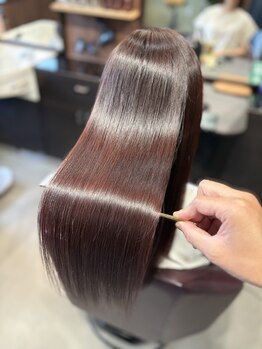 アオイ(Aoi)の写真/誰もが羨むツヤ美髪に♪髪質に合わせたトリートメントで、思わず触りたくなるような質感へと導きます◇佐賀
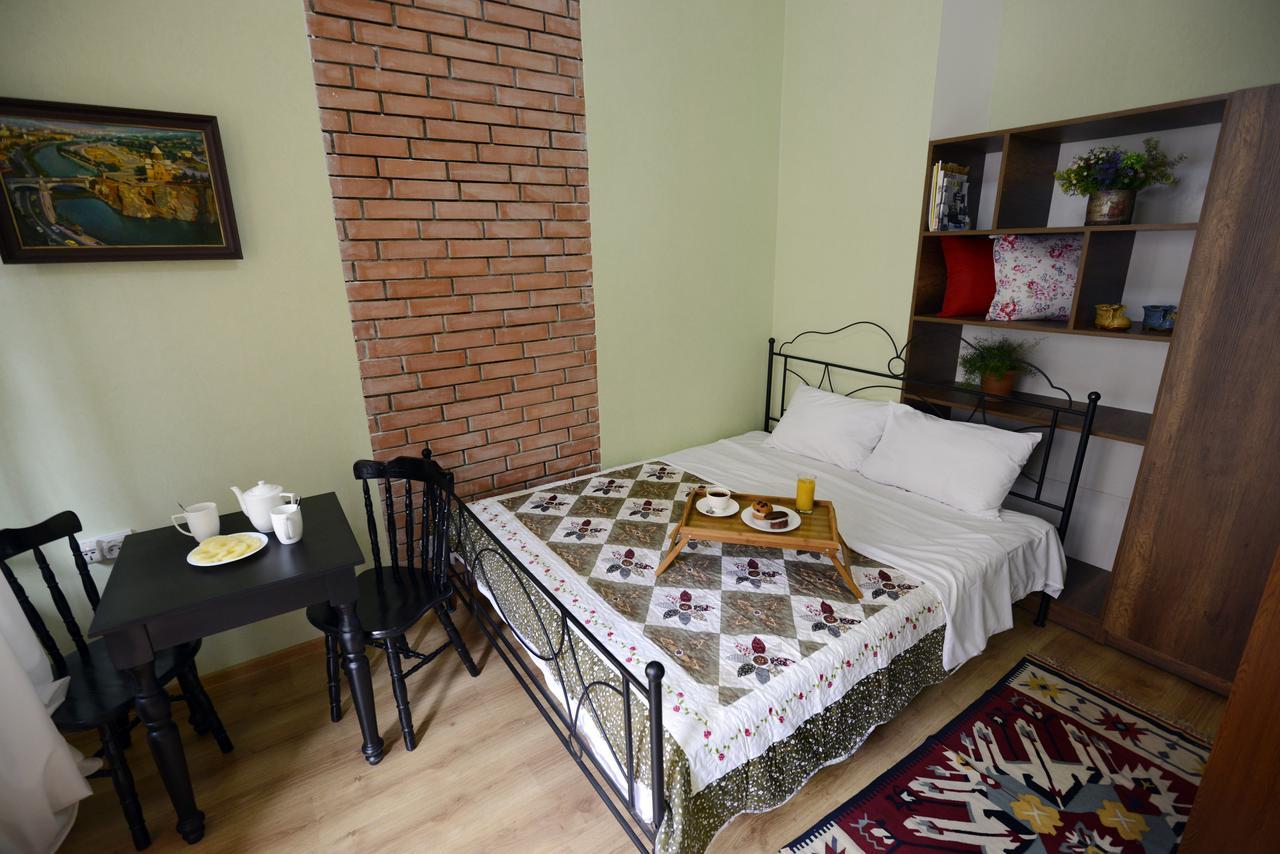Atlant Hotel Tbilissi Extérieur photo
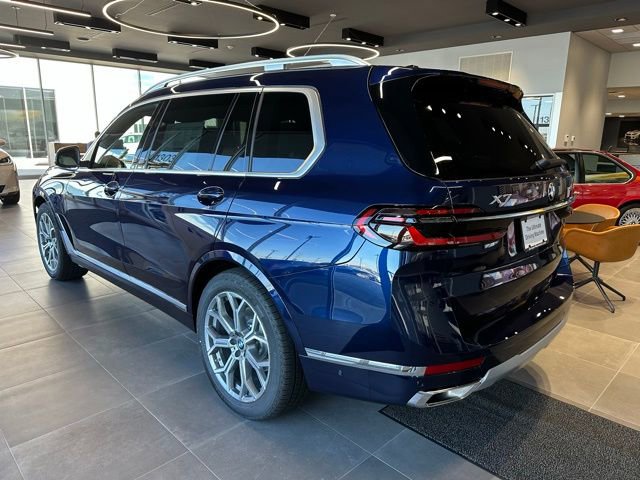 New 2026 BMW X7 xDrive40i image 8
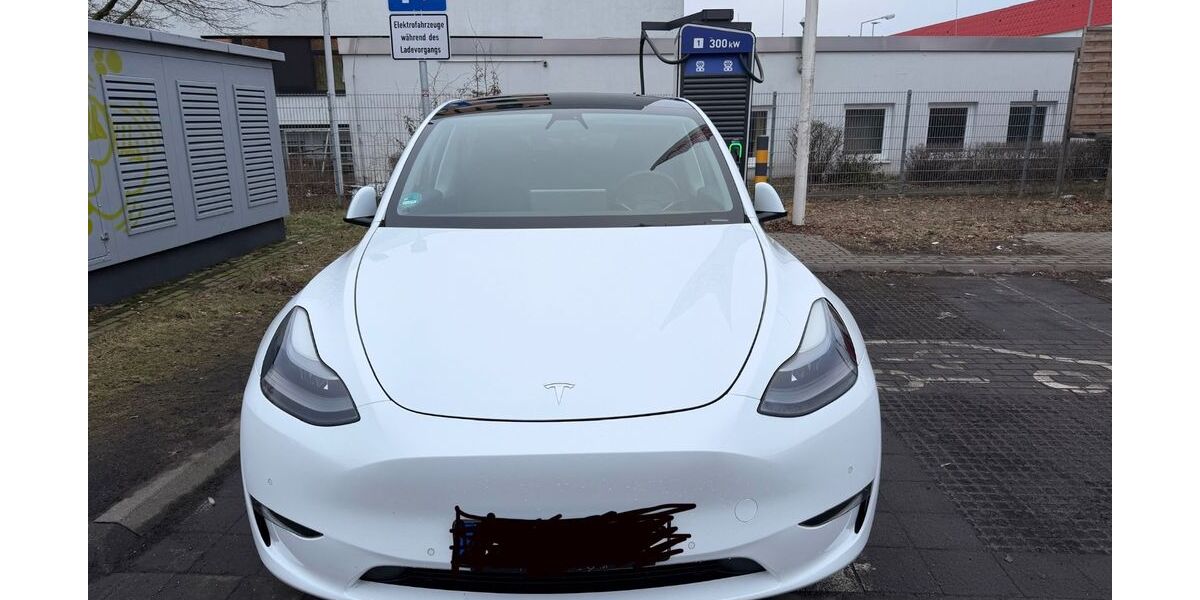 Tesla Model Y 138.000 km 25.500 &euro; Sottrum 27367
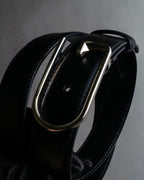 "GUCCI" Organic curved buckle design leather belt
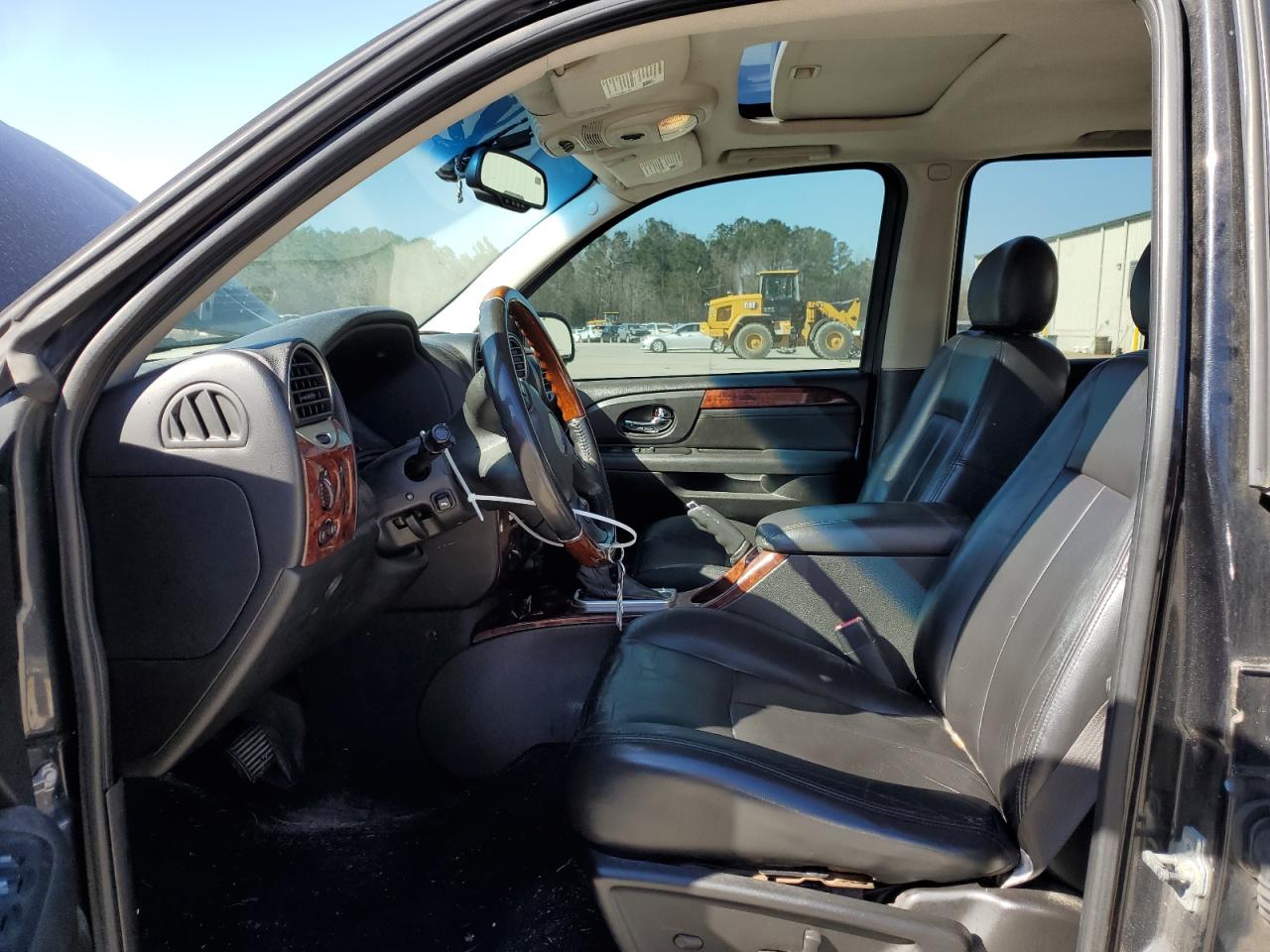 2008 GMC Envoy - Image 7
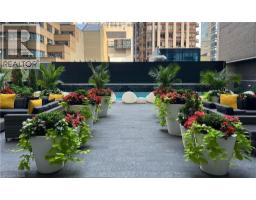 42 CHARLES Street E UnitNo. 2206 - 17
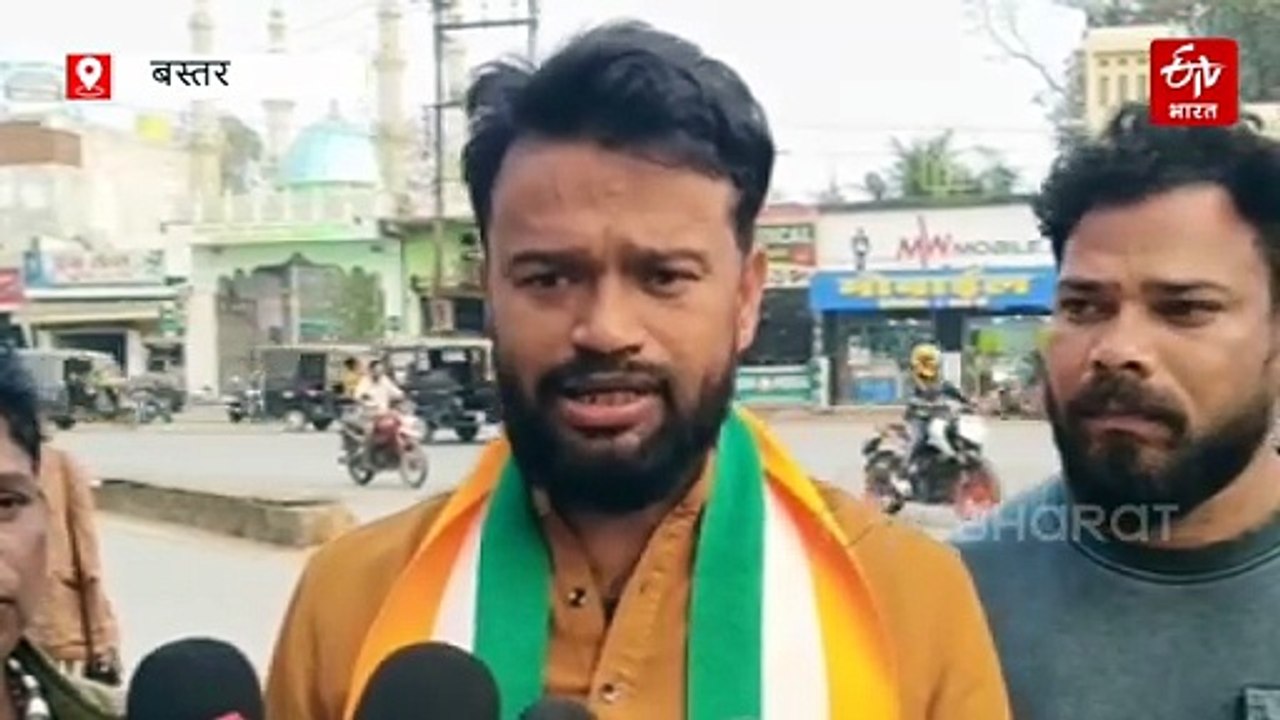 मनरेगा और धान खरीदी को लेकर कांग्रेस का प्रदर्शन, बालोद में अर्धनग्न होकर चक्काजाम, दुर्ग में भी धरना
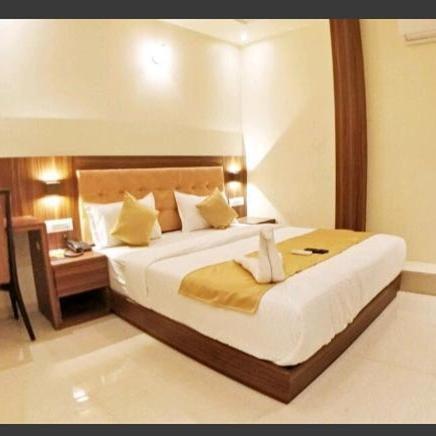 Hotel Emerald Near T2 International Airport Мумбаї Екстер'єр фото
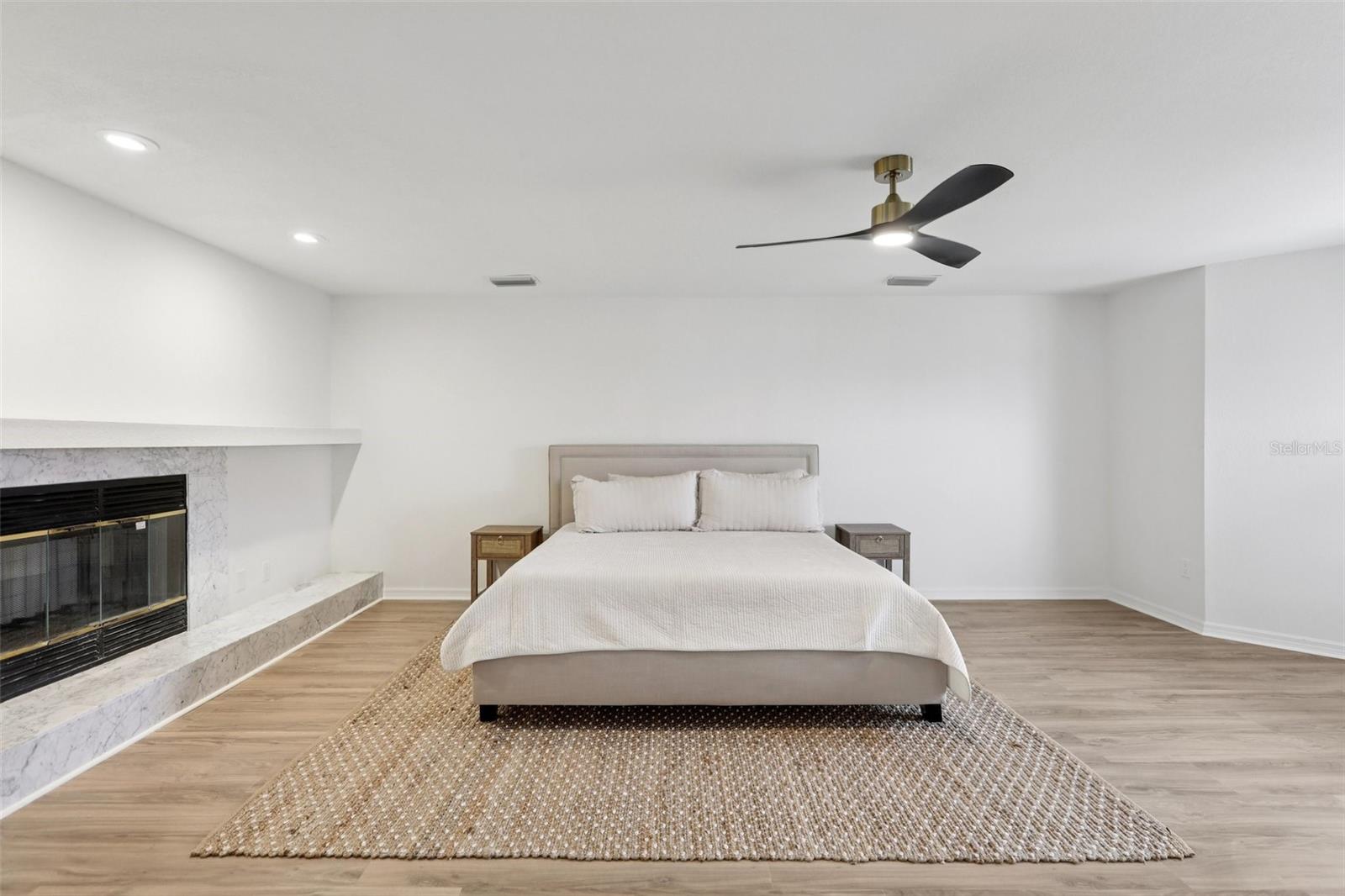 Image 41 of 72 For 120 8th Street E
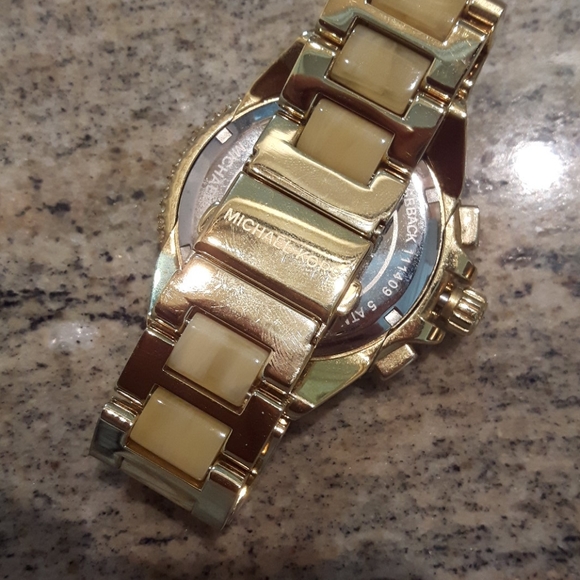 Michael Kors gold tone crystal watch - Picture 4 of 5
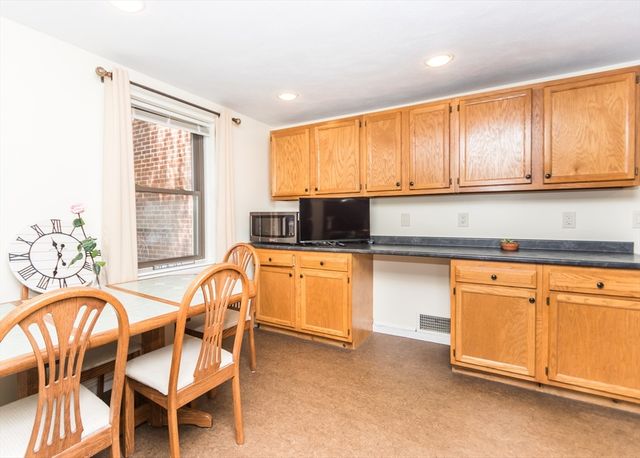 200-202 Church Street 200-202, Waltham, MA 02452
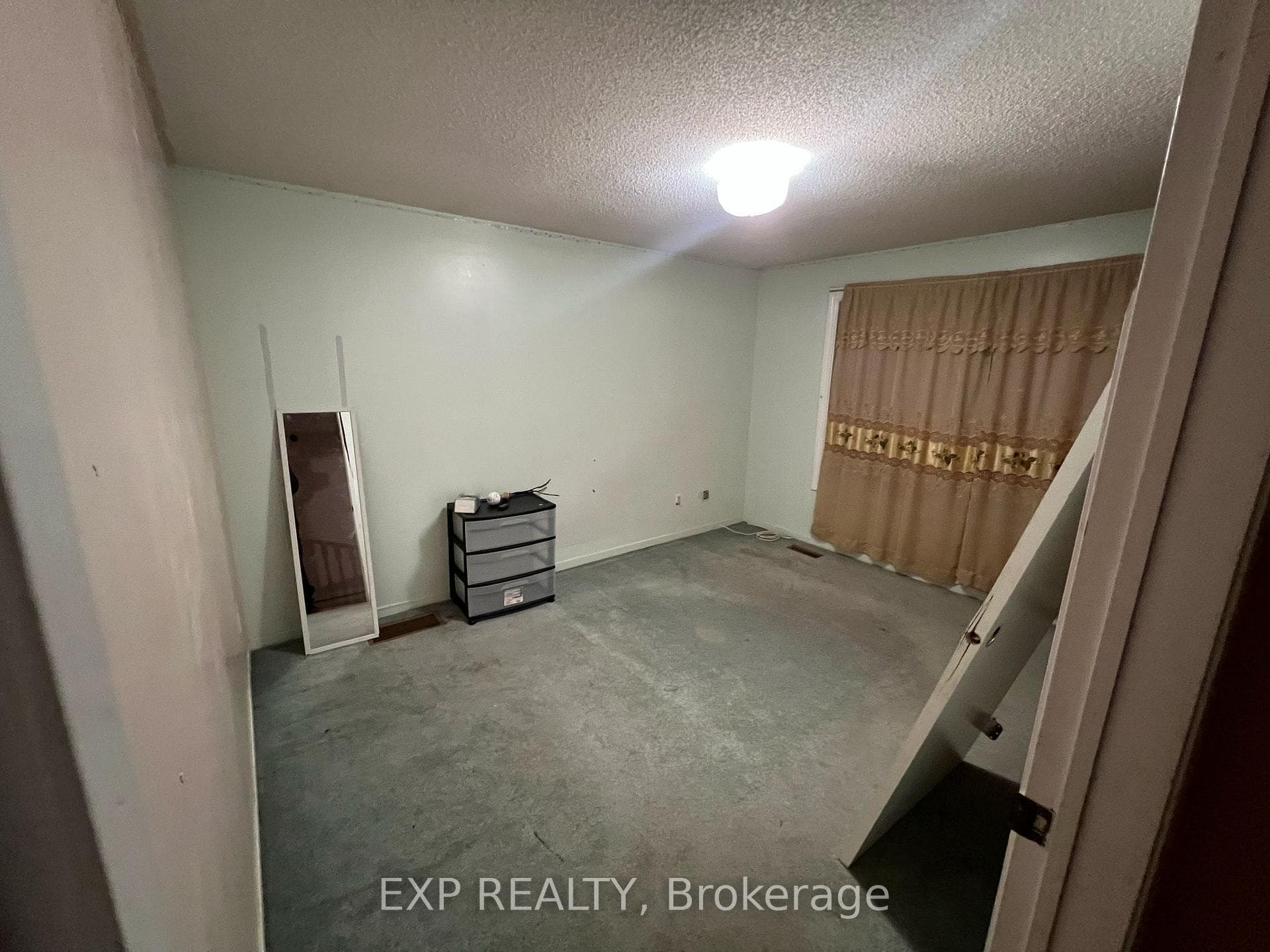 98 Torrance Wood photo 9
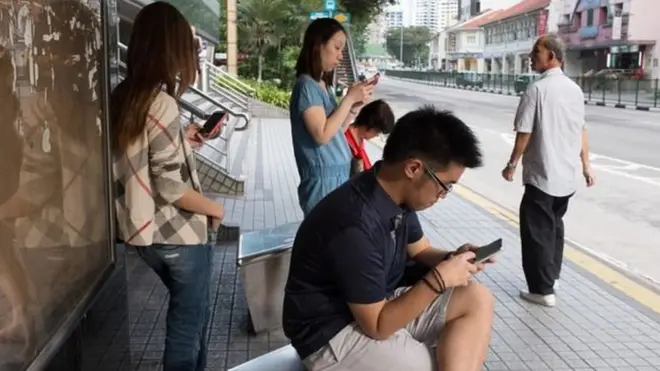 සිංගප්පූරුව: ව්‍යාජ පුවත්වලට එරෙහිව ආන්දෝලනාත්මක පනතක්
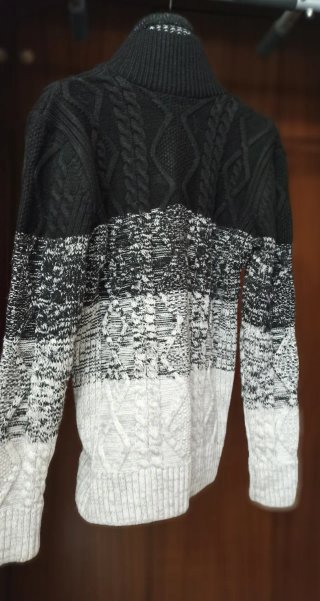 Jersey RWX cuello alto con cremallera y hebillas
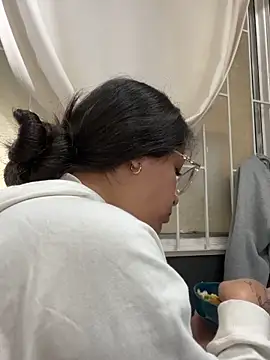 Snapshot of Alyha_Cortes chatting on November 20, 1:22 pm Alyha Cortes online show from November 20, 1:22 pm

EXERCISE REQUIREMENTS:
Set down exactly the lines running from the beginning of the entries above to the line that contains "Hotel Emerald Near", including both, and leave out pictures.

FINISHED TASK:
 アオイ(Aoi)の写真/誰もが羨むツヤ美髪に♪髪質に合わせたトリートメントで、思わず触りたくなるような質感へと導きます◇佐賀
Atlant Hotel Tbilissi Extérieur photo
 New 2026 BMW X7 xDrive40i image 8
 Tesla Model Y 138.000 km 25.500 &euro; Sottrum 27367
 "GUCCI" Organic curved buckle design leather belt
 2008 GMC Envoy - Image 7
 42 CHARLES Street E UnitNo. 2206 - 17
 मनरेगा और धान खरीदी को लेकर कांग्रेस का प्रदर्शन, बालोद में अर्धनग्न होकर चक्काजाम, दुर्ग में भी धरना
 Hotel Emerald Near T2 International Airport Мумбаї Екстер'єр фото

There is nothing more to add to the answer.